WHAT TO WORK ON => Write out the whole listing without a single alteration.

GIVEN INFORMATION =>

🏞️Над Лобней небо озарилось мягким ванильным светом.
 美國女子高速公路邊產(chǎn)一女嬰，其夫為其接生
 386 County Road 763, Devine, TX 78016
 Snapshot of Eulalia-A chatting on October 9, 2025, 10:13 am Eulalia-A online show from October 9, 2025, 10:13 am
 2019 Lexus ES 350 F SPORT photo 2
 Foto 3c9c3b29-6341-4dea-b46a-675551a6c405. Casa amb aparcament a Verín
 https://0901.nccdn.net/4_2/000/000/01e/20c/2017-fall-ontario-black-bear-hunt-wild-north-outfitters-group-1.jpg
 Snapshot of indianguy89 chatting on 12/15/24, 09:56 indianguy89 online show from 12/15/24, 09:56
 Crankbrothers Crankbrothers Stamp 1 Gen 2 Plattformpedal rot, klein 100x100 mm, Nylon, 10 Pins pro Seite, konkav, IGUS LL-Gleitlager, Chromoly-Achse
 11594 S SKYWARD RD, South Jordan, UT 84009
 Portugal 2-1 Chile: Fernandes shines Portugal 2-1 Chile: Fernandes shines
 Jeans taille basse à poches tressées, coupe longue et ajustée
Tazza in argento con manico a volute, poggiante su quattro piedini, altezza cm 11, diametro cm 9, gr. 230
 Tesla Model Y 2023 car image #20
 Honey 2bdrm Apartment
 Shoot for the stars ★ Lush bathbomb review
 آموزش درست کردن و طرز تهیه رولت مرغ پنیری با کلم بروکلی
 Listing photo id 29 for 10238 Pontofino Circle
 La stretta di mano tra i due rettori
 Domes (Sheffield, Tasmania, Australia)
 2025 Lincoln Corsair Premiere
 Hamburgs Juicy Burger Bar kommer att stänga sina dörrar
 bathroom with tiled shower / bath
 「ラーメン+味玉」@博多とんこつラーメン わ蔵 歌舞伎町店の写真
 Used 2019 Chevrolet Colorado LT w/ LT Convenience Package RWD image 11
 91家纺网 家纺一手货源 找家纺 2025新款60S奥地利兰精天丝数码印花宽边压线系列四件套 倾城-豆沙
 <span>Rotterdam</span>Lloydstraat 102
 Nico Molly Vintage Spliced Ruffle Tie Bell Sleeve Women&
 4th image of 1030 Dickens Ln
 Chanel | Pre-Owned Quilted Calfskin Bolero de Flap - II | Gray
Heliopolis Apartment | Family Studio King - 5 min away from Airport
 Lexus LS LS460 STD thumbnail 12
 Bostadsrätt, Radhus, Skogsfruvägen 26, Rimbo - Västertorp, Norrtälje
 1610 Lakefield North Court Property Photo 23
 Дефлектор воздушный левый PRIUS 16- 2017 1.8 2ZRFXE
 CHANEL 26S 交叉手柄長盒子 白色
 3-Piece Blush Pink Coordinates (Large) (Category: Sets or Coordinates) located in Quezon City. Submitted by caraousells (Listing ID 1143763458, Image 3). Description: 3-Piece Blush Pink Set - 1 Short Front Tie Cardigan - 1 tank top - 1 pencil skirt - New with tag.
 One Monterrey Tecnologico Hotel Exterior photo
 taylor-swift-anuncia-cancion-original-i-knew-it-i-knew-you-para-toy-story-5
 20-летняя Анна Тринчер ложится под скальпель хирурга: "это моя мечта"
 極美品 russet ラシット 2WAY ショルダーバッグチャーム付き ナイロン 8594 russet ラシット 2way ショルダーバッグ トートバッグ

EXPECTED ANSWER =>
🏞️Над Лобней небо озарилось мягким ванильным светом.
 美國女子高速公路邊產(chǎn)一女嬰，其夫為其接生
 386 County Road 763, Devine, TX 78016
 Snapshot of Eulalia-A chatting on October 9, 2025, 10:13 am Eulalia-A online show from October 9, 2025, 10:13 am
 2019 Lexus ES 350 F SPORT photo 2
 Foto 3c9c3b29-6341-4dea-b46a-675551a6c405. Casa amb aparcament a Verín
 https://0901.nccdn.net/4_2/000/000/01e/20c/2017-fall-ontario-black-bear-hunt-wild-north-outfitters-group-1.jpg
 Snapshot of indianguy89 chatting on 12/15/24, 09:56 indianguy89 online show from 12/15/24, 09:56
 Crankbrothers Crankbrothers Stamp 1 Gen 2 Plattformpedal rot, klein 100x100 mm, Nylon, 10 Pins pro Seite, konkav, IGUS LL-Gleitlager, Chromoly-Achse
 11594 S SKYWARD RD, South Jordan, UT 84009
 Portugal 2-1 Chile: Fernandes shines Portugal 2-1 Chile: Fernandes shines
 Jeans taille basse à poches tressées, coupe longue et ajustée
Tazza in argento con manico a volute, poggiante su quattro piedini, altezza cm 11, diametro cm 9, gr. 230
 Tesla Model Y 2023 car image #20
 Honey 2bdrm Apartment
 Shoot for the stars ★ Lush bathbomb review
 آموزش درست کردن و طرز تهیه رولت مرغ پنیری با کلم بروکلی
 Listing photo id 29 for 10238 Pontofino Circle
 La stretta di mano tra i due rettori
 Domes (Sheffield, Tasmania, Australia)
 2025 Lincoln Corsair Premiere
 Hamburgs Juicy Burger Bar kommer att stänga sina dörrar
 bathroom with tiled shower / bath
 「ラーメン+味玉」@博多とんこつラーメン わ蔵 歌舞伎町店の写真
 Used 2019 Chevrolet Colorado LT w/ LT Convenience Package RWD image 11
 91家纺网 家纺一手货源 找家纺 2025新款60S奥地利兰精天丝数码印花宽边压线系列四件套 倾城-豆沙
 <span>Rotterdam</span>Lloydstraat 102
 Nico Molly Vintage Spliced Ruffle Tie Bell Sleeve Women&
 4th image of 1030 Dickens Ln
 Chanel | Pre-Owned Quilted Calfskin Bolero de Flap - II | Gray
Heliopolis Apartment | Family Studio King - 5 min away from Airport
 Lexus LS LS460 STD thumbnail 12
 Bostadsrätt, Radhus, Skogsfruvägen 26, Rimbo - Västertorp, Norrtälje
 1610 Lakefield North Court Property Photo 23
 Дефлектор воздушный левый PRIUS 16- 2017 1.8 2ZRFXE
 CHANEL 26S 交叉手柄長盒子 白色
 3-Piece Blush Pink Coordinates (Large) (Category: Sets or Coordinates) located in Quezon City. Submitted by caraousells (Listing ID 1143763458, Image 3). Description: 3-Piece Blush Pink Set - 1 Short Front Tie Cardigan - 1 tank top - 1 pencil skirt - New with tag.
 One Monterrey Tecnologico Hotel Exterior photo
 taylor-swift-anuncia-cancion-original-i-knew-it-i-knew-you-para-toy-story-5
 20-летняя Анна Тринчер ложится под скальпель хирурга: "это моя мечта"
 極美品 russet ラシット 2WAY ショルダーバッグチャーム付き ナイロン 8594 russet ラシット 2way ショルダーバッグ トートバッグ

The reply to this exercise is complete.